This Is What Body Dysmorphia Disorder Really Feels Like – In Pictures

Exhibition explores condition that affects 2 per cent of population.

Body Dysmorphia Disorder is rarely discussed in the media or day-to-day life, but the mental illness is thought to affect around 2 per cent of the UK population – more than one million people.

But now, artists and photographers have captured what it’s like to live with the condition, through a series of interpretations in a new exhibition titled ‘Identity’.
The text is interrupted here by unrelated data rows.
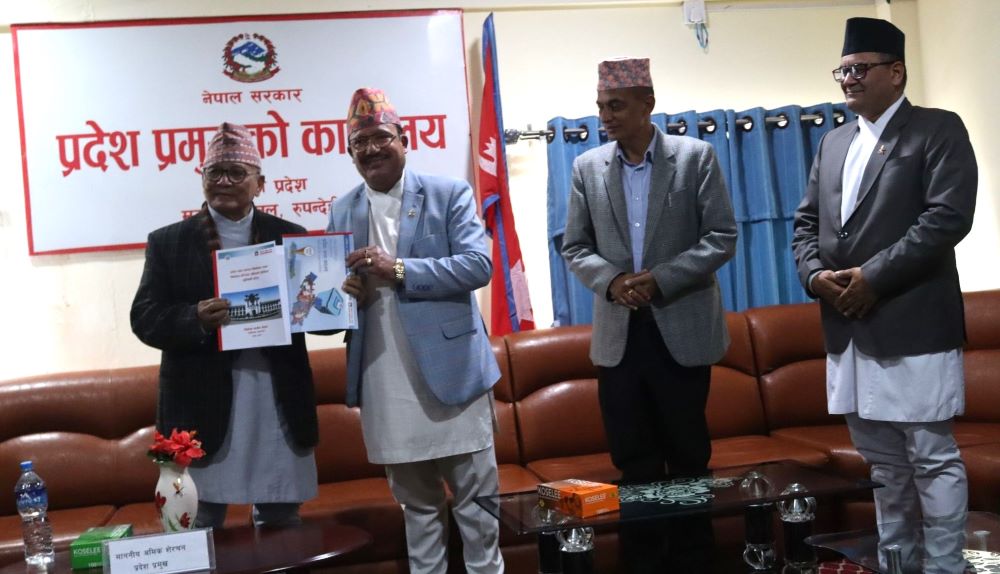 लुम्विनी प्रदेशको निर्वाचन प्रतिवेदन प्रदेश प्रमुखसमक्ष पेश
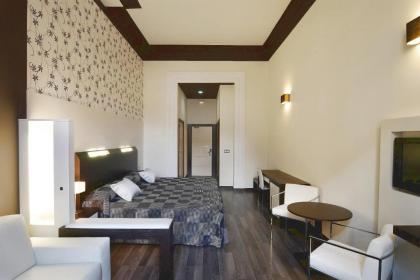 Alhambra Suites - image 2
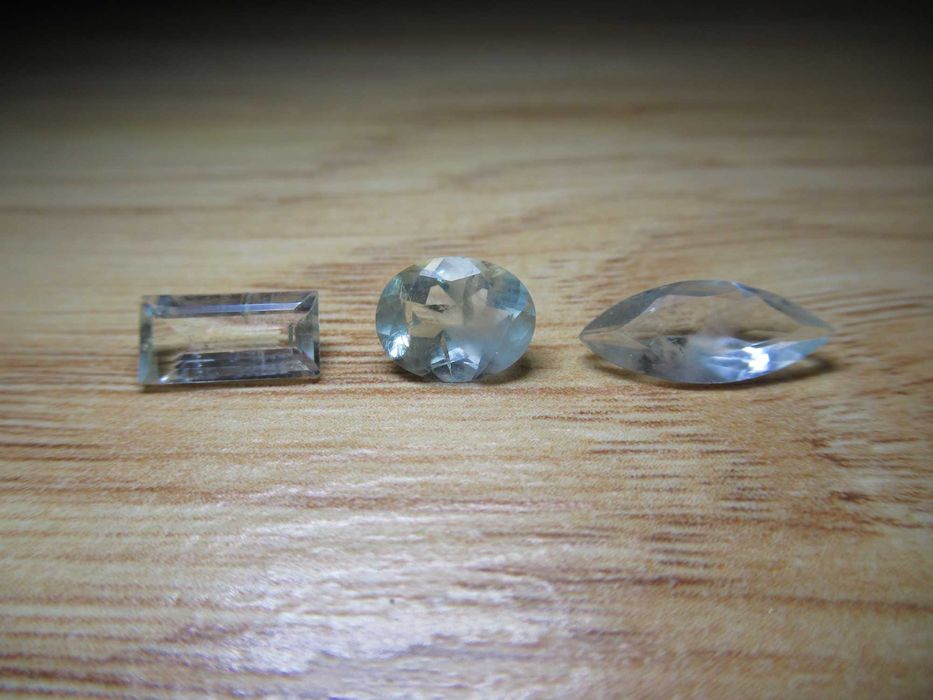 Естествени Танзанити,Кианити,Аквамарини.Нефрити,Кехлибар,Тигрово око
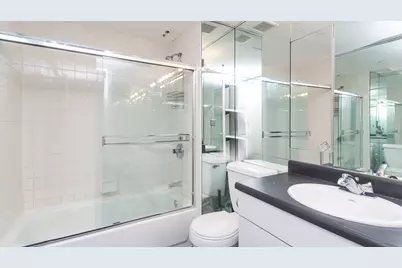 411 W Ontario Street #516, Chicago, IL 60654 - Photo 9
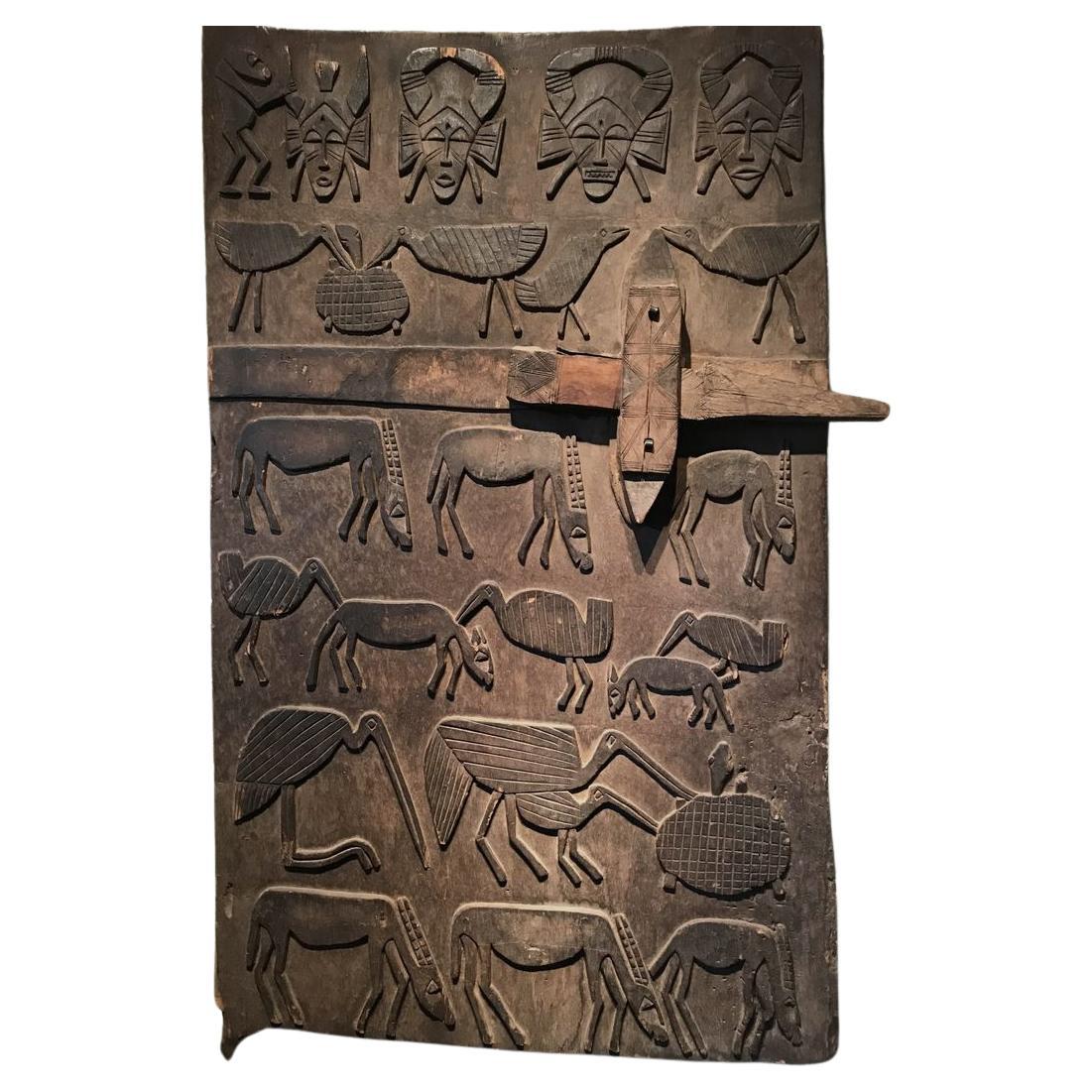 Senufo Granary-Tür mit der Darstellung einer Serie von Tieren und Masken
Body dysmorphia disorder (BDD) is characterised by a preoccupation with perceived flaws in appearance, which are unnoticeable to others, according to the Body Dysmorphic Disorder Foundation.

“As well as the excessive self-consciousness, individuals with BDD often feel defined by their flaw,” the charity explains. “Sufferers tend repeatedly to check on how bad their flaw is (for example in mirrors and reflective surfaces), attempt to camouflage or alter the perceived defect and avoid public or social situations or triggers that increase distress.”

Meltem Isik

Artistic due Bruno Metra and Laurence Jeanson have created portraits of people covered in images from magazines to show how the media affects body image, particularly for people with body dysmorphia.

Bruno Metra

Meanwhile Meltem Isik has photographed people in front of blown-up of distorted images of themselves to reflect the way we often focus on and exaggerate our perceived flaws.

“From birth, our own anatomies, by nature of being lived in, are foreign to us,” she said ahead of the exhibition. “Each of us knows the body we inhabit from the inside out, and yet we are only able to register its face, its back, and its hidden crevices by use of mirrors and photographs. Through time, we construct a composite vision of who we are from the puzzle pieces we see directly and through (often distorted) reflections.”

Meltem Isik

Artist Leigh de Vries, who experienced body dysmorphia herself for more than 25 years, aims to break down societal stigma and offer “an opportunity to encounter and understand BDD through the lens of the sufferer”.

Leigh de Vries

Meanwhile James Green’s photos in the exhibition focus on the face and the feeling BDD sufferers sometimes have of being “trapped”.

James Green

Other artists showcased in the exhibition include Derek Santini, Daniel Martin Bartosz Beda, Scarlet Isherwood and Daniela Slater.

‘Identity’ is at the Zebra One Gallery in Hampstead, north London, from 24 November - 9 December. A percentage of money raised from the exhibition will go to The BDD Foundation.